> Short text fragments from websites
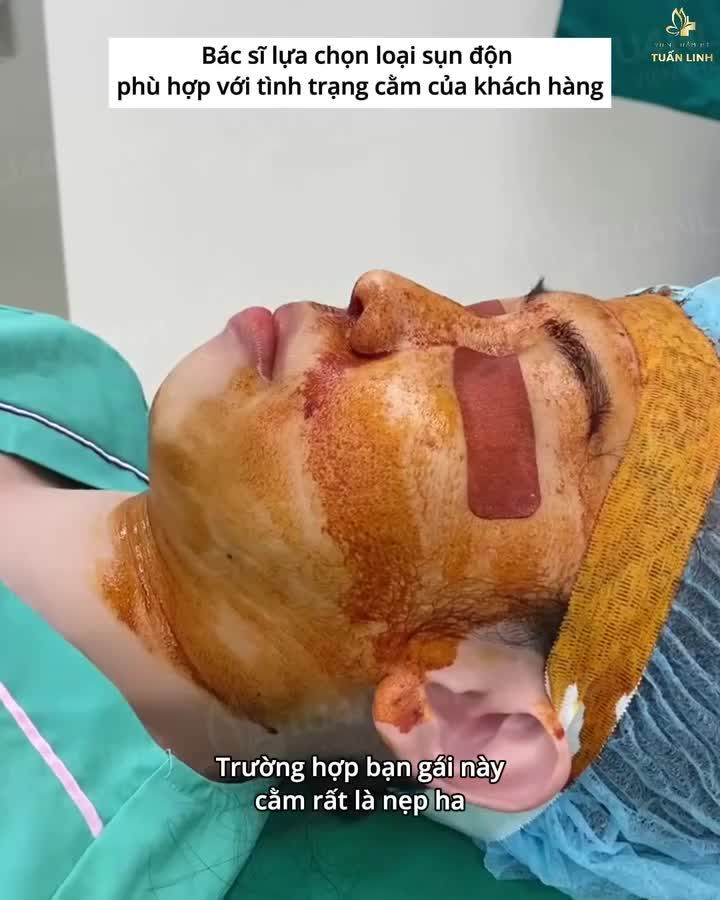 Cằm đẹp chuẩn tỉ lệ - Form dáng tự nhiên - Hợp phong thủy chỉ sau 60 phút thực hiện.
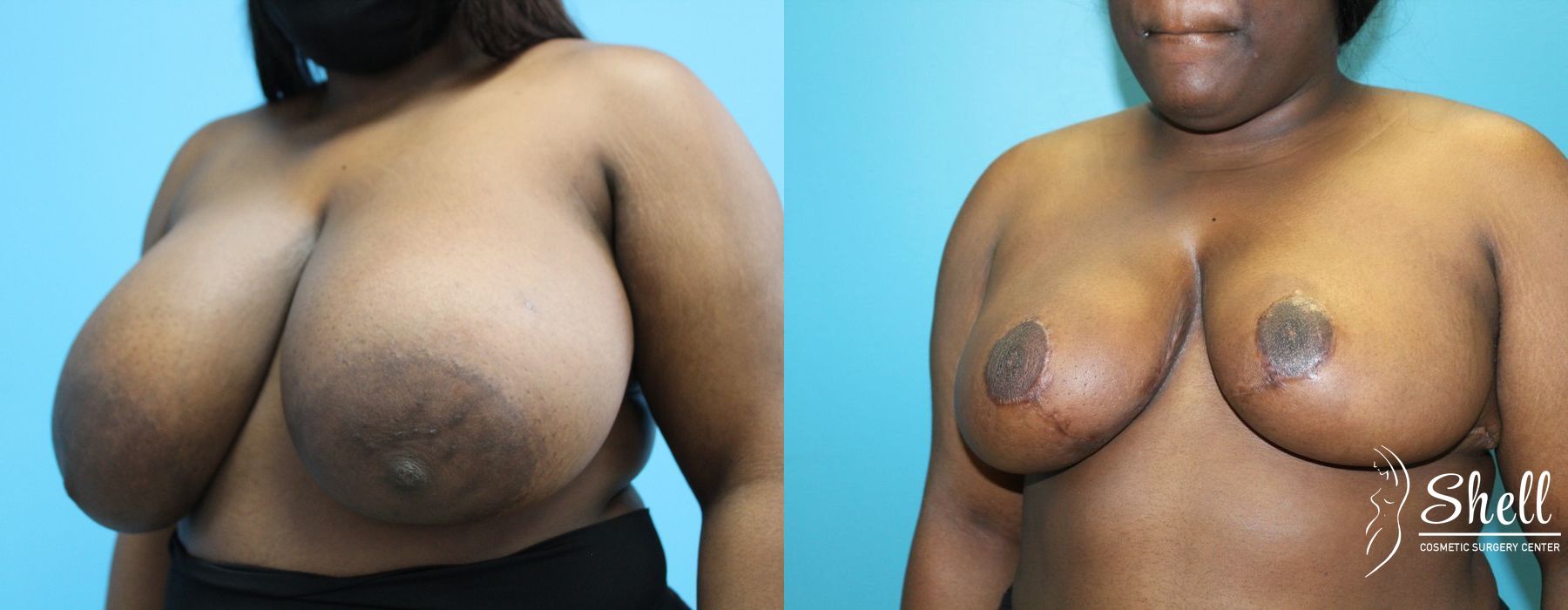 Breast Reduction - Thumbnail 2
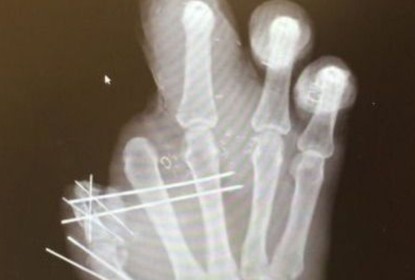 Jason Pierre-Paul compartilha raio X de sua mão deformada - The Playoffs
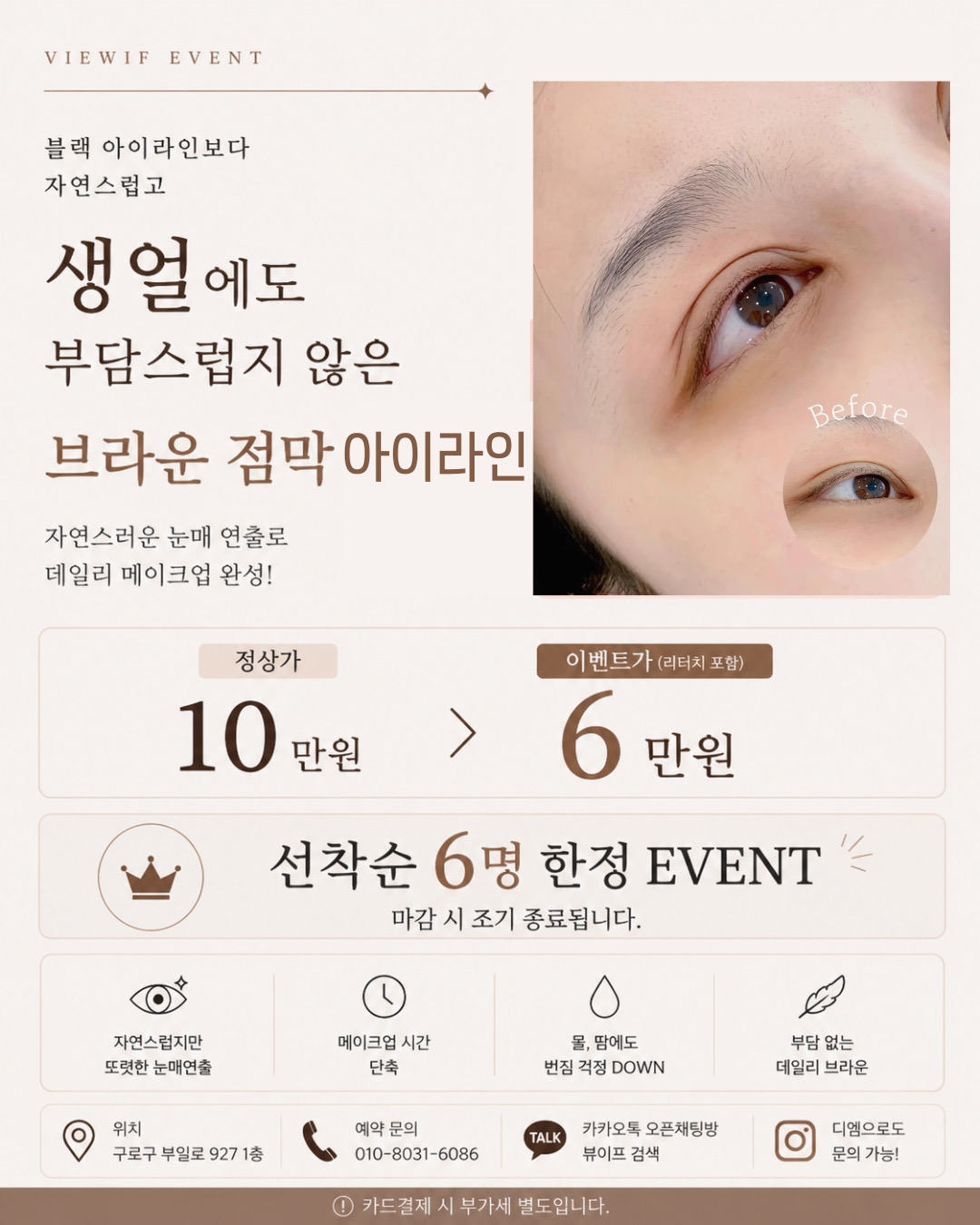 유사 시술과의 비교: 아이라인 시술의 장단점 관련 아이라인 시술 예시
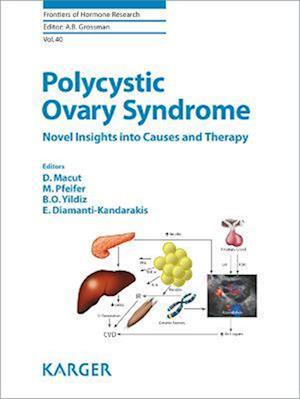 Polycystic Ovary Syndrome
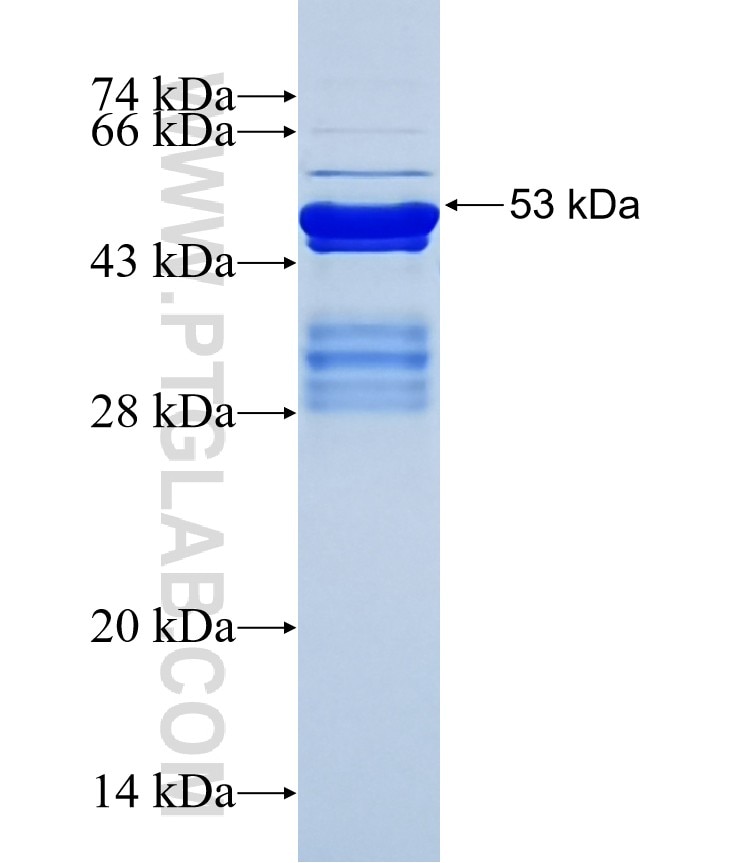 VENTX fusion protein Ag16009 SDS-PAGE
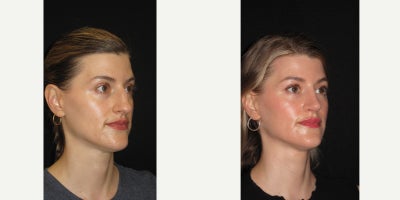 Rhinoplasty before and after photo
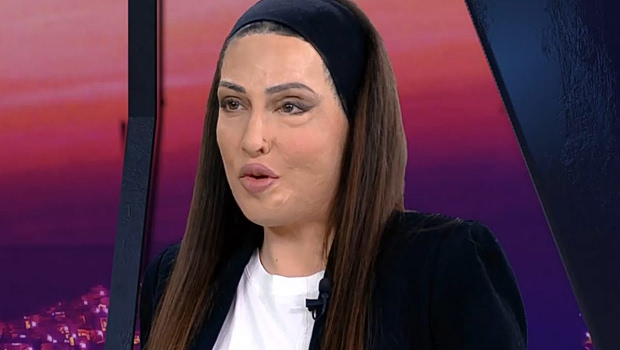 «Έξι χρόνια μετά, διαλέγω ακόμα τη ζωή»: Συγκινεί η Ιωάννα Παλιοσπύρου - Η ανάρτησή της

> WORK INSTRUCTION
Only the lines from the one containing "Rhinoplasty before and after photo" through the last line of the entries, both included, should be repeated exactly, and the pictures should be left out.

> RESPONSE AREA
 Rhinoplasty before and after photo
 «Έξι χρόνια μετά, διαλέγω ακόμα τη ζωή»: Συγκινεί η Ιωάννα Παλιοσπύρου - Η ανάρτησή της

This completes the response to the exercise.